───── Stored data
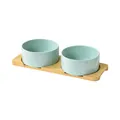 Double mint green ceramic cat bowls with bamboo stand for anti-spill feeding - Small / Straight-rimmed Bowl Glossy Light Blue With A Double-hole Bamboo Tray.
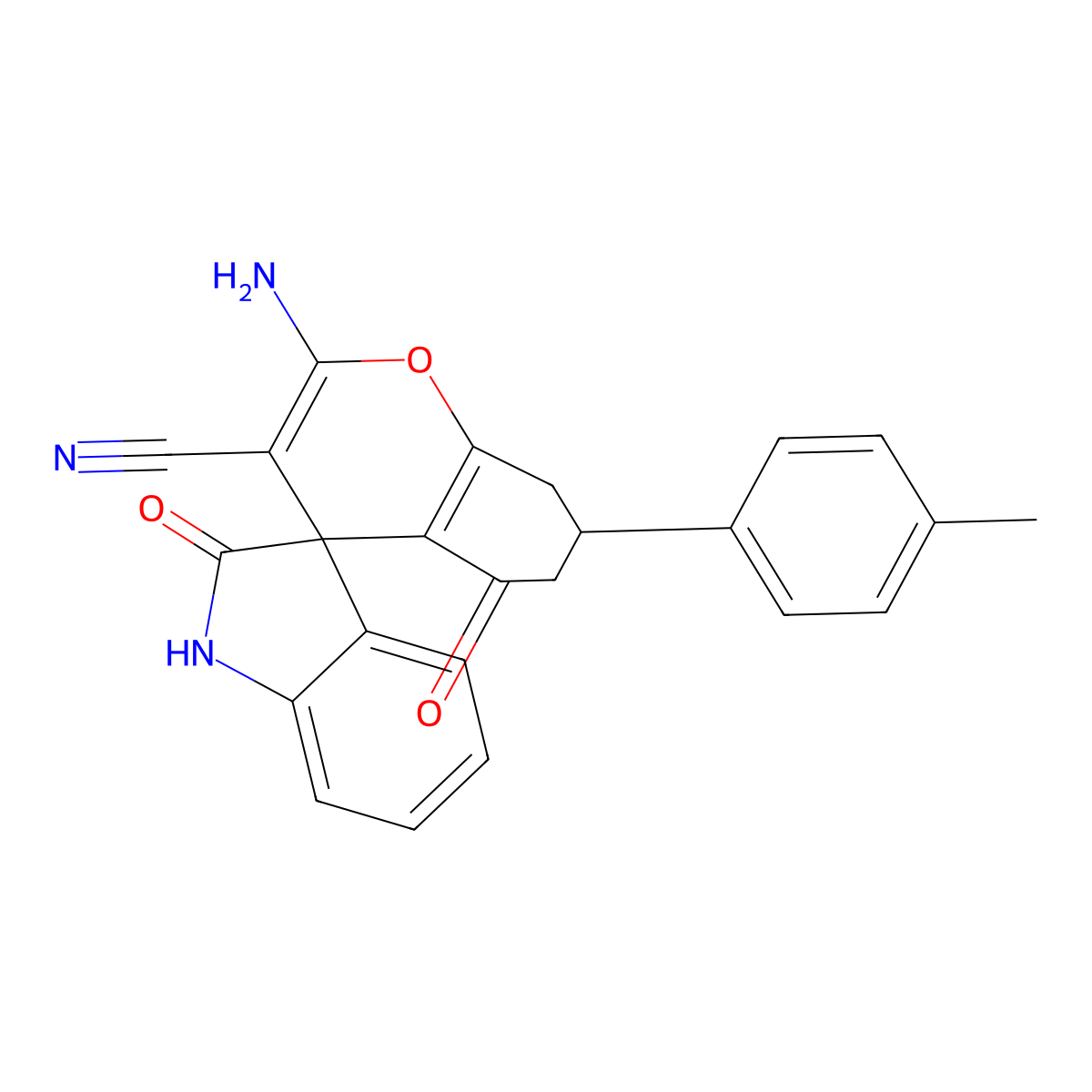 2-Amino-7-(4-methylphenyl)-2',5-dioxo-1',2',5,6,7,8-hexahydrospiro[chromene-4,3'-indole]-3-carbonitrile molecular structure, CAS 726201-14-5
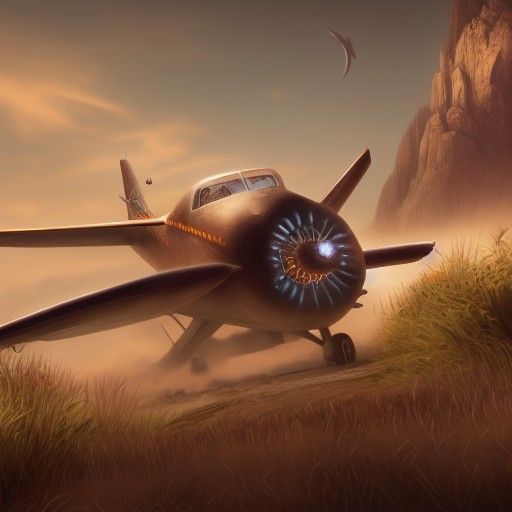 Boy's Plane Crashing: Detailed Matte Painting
──────────
### Exercise directions
Leave out the pictures and copy the rest of the material above exactly.

### Expected output
 Double mint green ceramic cat bowls with bamboo stand for anti-spill feeding - Small / Straight-rimmed Bowl Glossy Light Blue With A Double-hole Bamboo Tray.
 2-Amino-7-(4-methylphenyl)-2',5-dioxo-1',2',5,6,7,8-hexahydrospiro[chromene-4,3'-indole]-3-carbonitrile molecular structure, CAS 726201-14-5
 Boy's Plane Crashing: Detailed Matte Painting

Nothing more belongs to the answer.